The proposal, developed by the IWLCA and submitted jointly with the IMLCA, was aimed at curbing the early recruiting trend which saw players commiting to college programs as early as eighth grade. The proposal was a result of years of work by the the IMCLA and IWCLA’s NCAA Division I legislation committee, but the reaction was instant. Just hours passed and many of the game's biggest names were speaking out on a decision that influences coaches, players and families across the country.

"I'm pleasantly surprised,” Virginia coach Lars Tiffany said. “I didn't think that the NCAA would have the courage to pass a piece of legislation that is drastically different from the current state of affairs and is not easy to enforce. … For the family, this is a win-win. It takes all the pressure off the table.”

“It restores some of my faith in the NCAA. ... We coaches have an avenue to enact change in our sport that is meaningful and impactful.” - Kerstin Kimel

Many coaches were active in the efforts, helping the IWLCA and IMCLA to put together legislation and submit it to the NCAA.

“It restores some of my faith in the NCAA,” said Duke women’s coach Kerstin Kimel, chair of the IWLCA's recruiting issues committee. “We’re not football or basketball or a money-generating sport, but we have legitimate problems that we needed address. … We coaches have an avenue to enact change in our sport that is meaningful and impactful.”

Kimel and Penn women’s coach Karin Corbett spearheaded a three-year effort to develop the legislation, working with members of IWLCA to get it submitted to the NCAA legislative committee last year. Members of the committee lobbied via texts and emails to get the NCAA’s attention.

George Washington coach Tracy Coyne, another member of the NCAA Division I legislative committee, saw the decision as a no-brainer in the current climate of recruiting.

“What was happening wasn't necessary,” she said. “I am so happy and thankful that the NCAA listened. … Five or 10 years from now, we’re going to look at this and say ‘Why did we ever go down a road where there was so much insanity, where there was an arms race to commit your child to a school in the eighth or ninth grade?’”

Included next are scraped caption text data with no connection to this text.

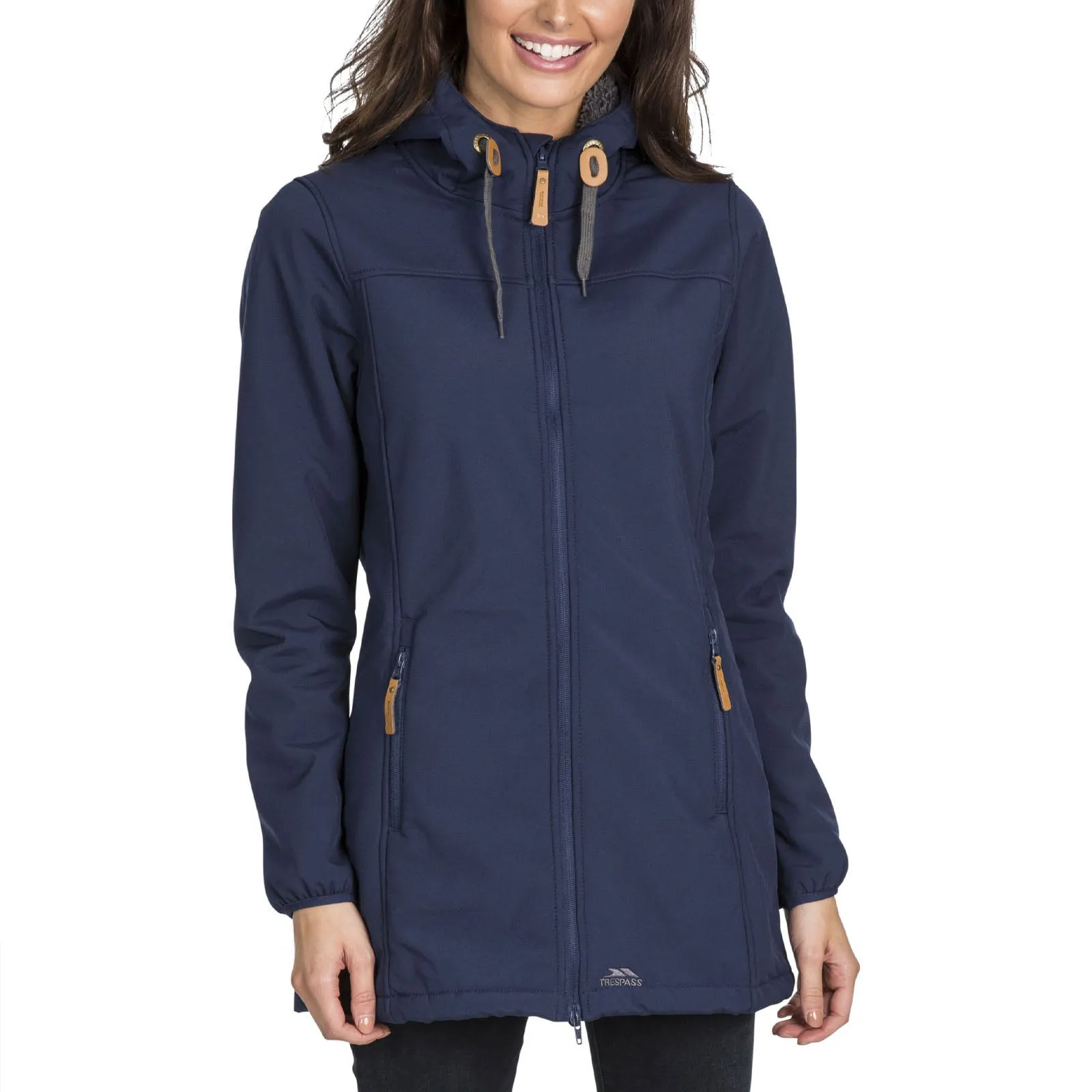 Fit For Travel Trespass Womens Kristen Softshell Waterproof Jacket - Navy - S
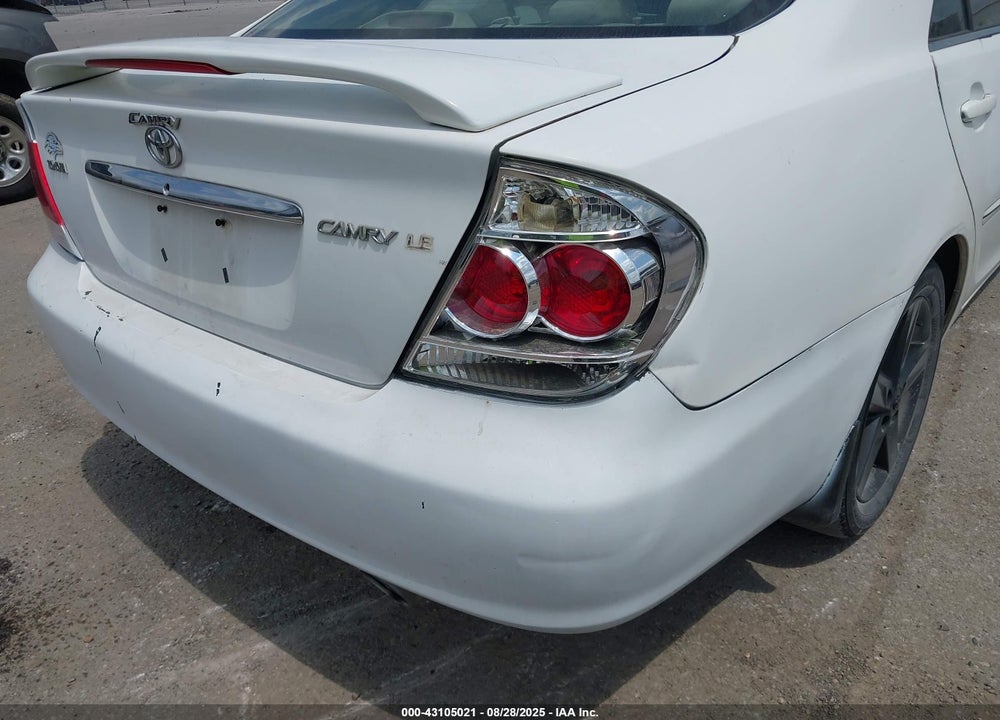 2005 TOYOTA CAMRY LE VIN: 4T1BE32K15U023017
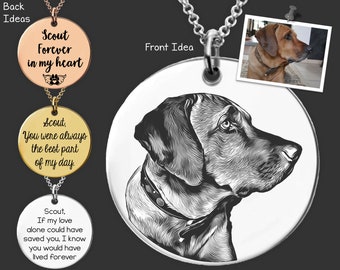 Personalized Pet Portrait Necklace |  Rhodesian Ridgeback Necklace | Rhodesian Ridgeback Jewelry | Dog Memorial Gift | Gift Ideas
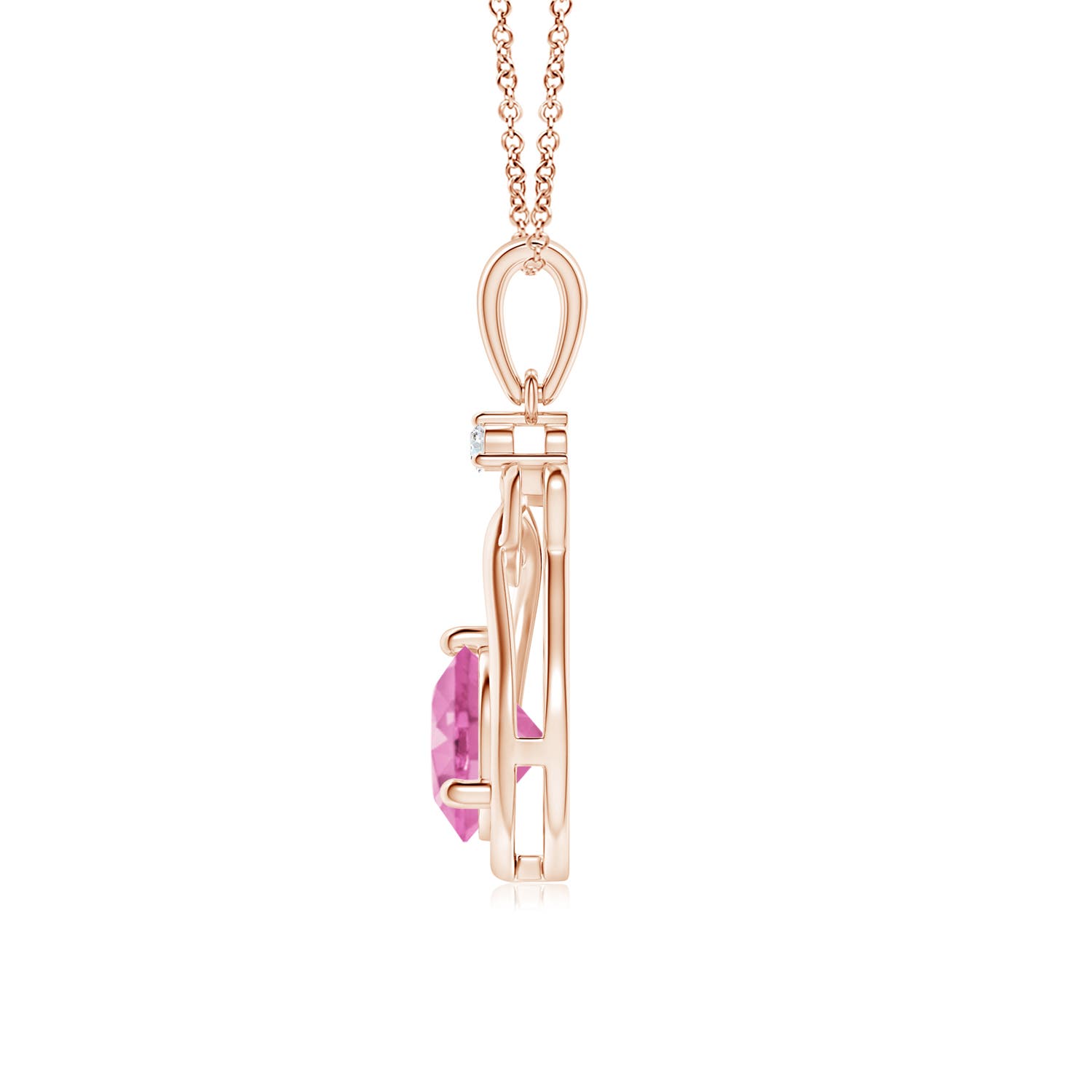 AA - Pink Sapphire / 1.01 CT / 14 KT Rose Gold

Penn men’s coach Mike Murphy remembered a time when former Virginia coach Dom Starsia submitted a similar proposal. It came in 2008, when the NCAA was in the midst of conference realignment.

That proposal was not heard on the NCAA legislative cycle, but that didn’t stop those involved from submitting a new proposal years later. Murphy said the decision will help players continue to develop physically and mentally before making a decision on a college.

“We know young kids, boys and girls in the eighth or ninth grade are just not as emotionally mature as they are when they are in 11th and 12th grade,” he said. “It would be hard to say early recruiting is better for making decisions. [The legislation] help them eventually, in terms of figuring out what kind of students they are, what kind of athletes they are and be able to gauge the right fit.”

Tiffany agreed with Murphy, adding that players in eighth and ninth grade will not have to worry about finding the right “venue” to be seen under the new rules. He did suggest, however, that the importance of middle-men like club coaches will be magnified.

“Us college coaches are going to be calling those people, saying, ‘Hey, I heard about your really talented ninth- grader,’” he said. “‘Tell me about him.’ You can only imagine where the conversation goes from there.”


Penn's Mike Murphy, vice president of the IMLCA, said the new rule will help players mature before making a college decision.

Kimel and Coyne both forecasted that now, middle and high school players won’t have to feel guilty about taking time away from the game, especially during the summer.

“In my mind, it’s going to help kid be kids for longer,” Kimel said. “They can feel like they can put sticks down for a few weeks a year and play multiple sports. Families can go on vacation and not feel like they are beholden to a club schedule. … This is going to help the culture of our sport tremendously.”

Coyne used her former Notre Dame program as an example of building a team without recruiting early. She’s confident the coaches can overcome any perceived challenges brought by waiting until Sept. 1 of players’ junior year.

“There really isn’t any reason we can’t go back to that,” she said. “You can build a successful program and make good recruiting decisions by taking your time and getting to know the player and watch them develop.”